Hubert Invents the Wheel
- First edition cover
- Author: Claire and Monte Montgomery
- Illustrator: Jeff Shelly
- Publisher: Walker & Company
- Publication date: October 1, 2005
- ISBN: 0-8027-8990-0

= Hubert Invents the Wheel =

2005 historical novel by Claire and Monte Montgomery

Hubert Invents the Wheel is a historical novel about the invention of the wheel, developed by Claire and Monte Montgomery and illustrated by Jeff Shelly. It was published in 2005 by Walker & Company, and was named to the Texas Bluebonnet Masterlist. The story centers on a 15-year-old Sumerian boy, Hubert, who is trying to be an inventor, over the objections of his stodgy father, Gorp.
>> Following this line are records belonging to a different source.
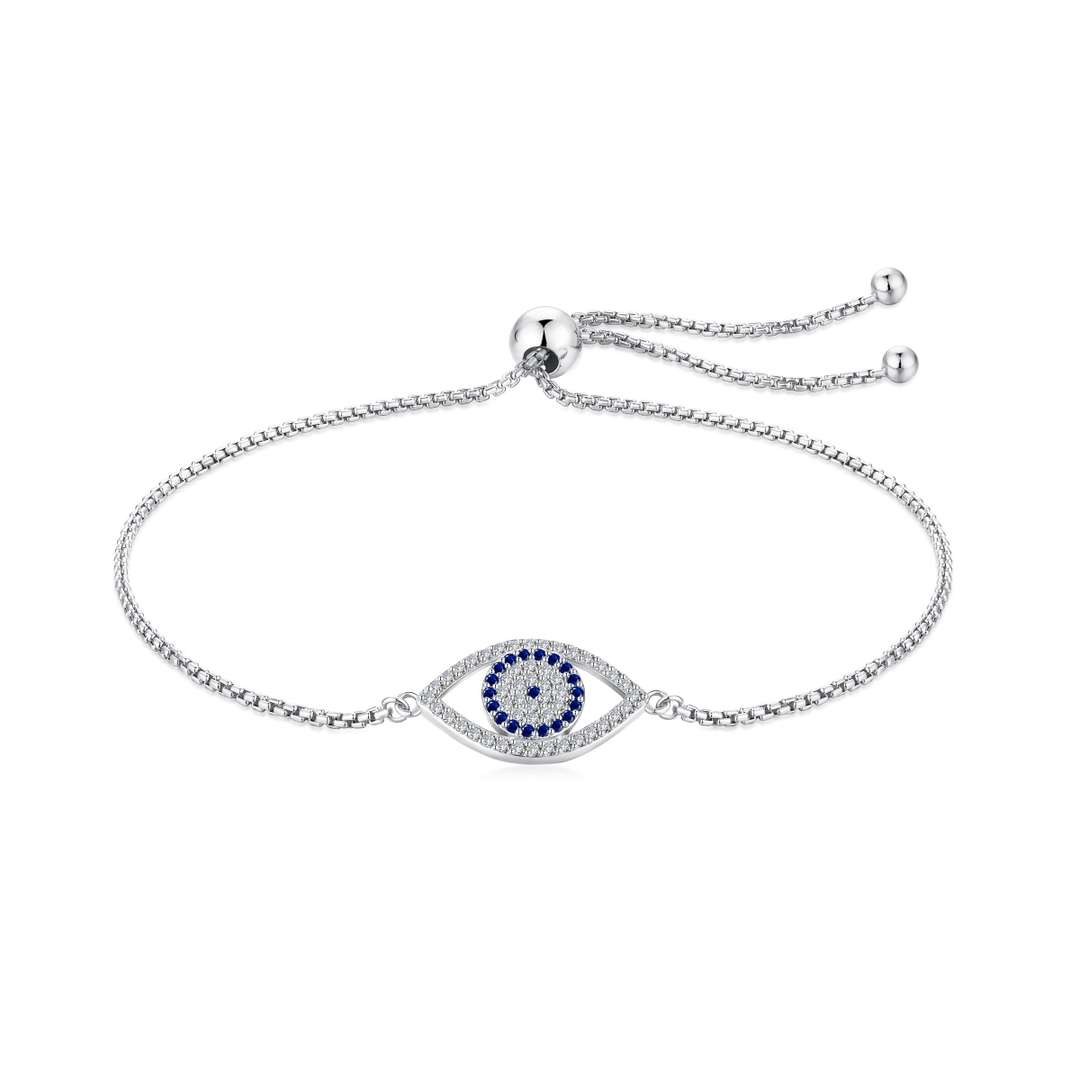 [Lumi Jewelry]Dazzling Eye Shape Necklace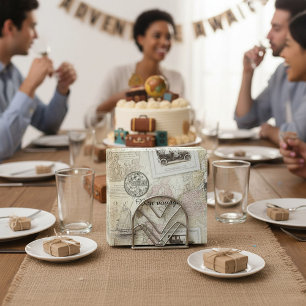 Reizen in oude stijl  servet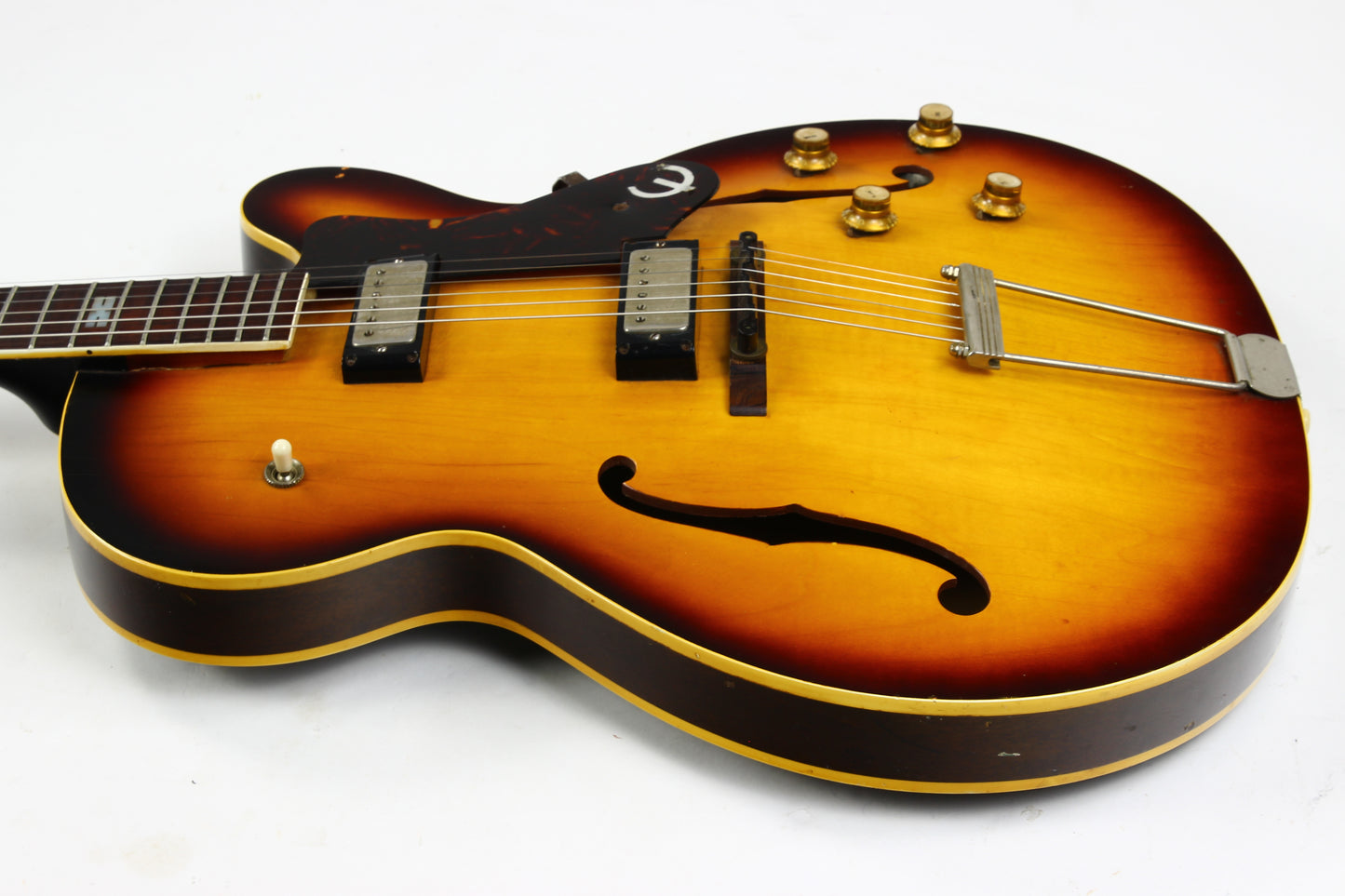 1961 Epiphone E312T Zephyr Regent w PAF Mini Humbuckers Vintage Gibson Case Thinline Hollowbody Guitar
Hubert succeeds in creating a wheel that revolutionizes life in Mesopotamia, but soon discovers that the new technology can be used for both good and evil.

School Library Journals review indicates that the story is liberally sprinkled with modern concepts and references like road rage, a "new and certified pre-owned sledge dealership", and an "edifice complex". It further indicates that the book "[balances broad comic scenes with] wordplay and lively dialogue." Missouri teachers selected the book for their Reading Circle program and PBS TeacherSource recommended it, among others.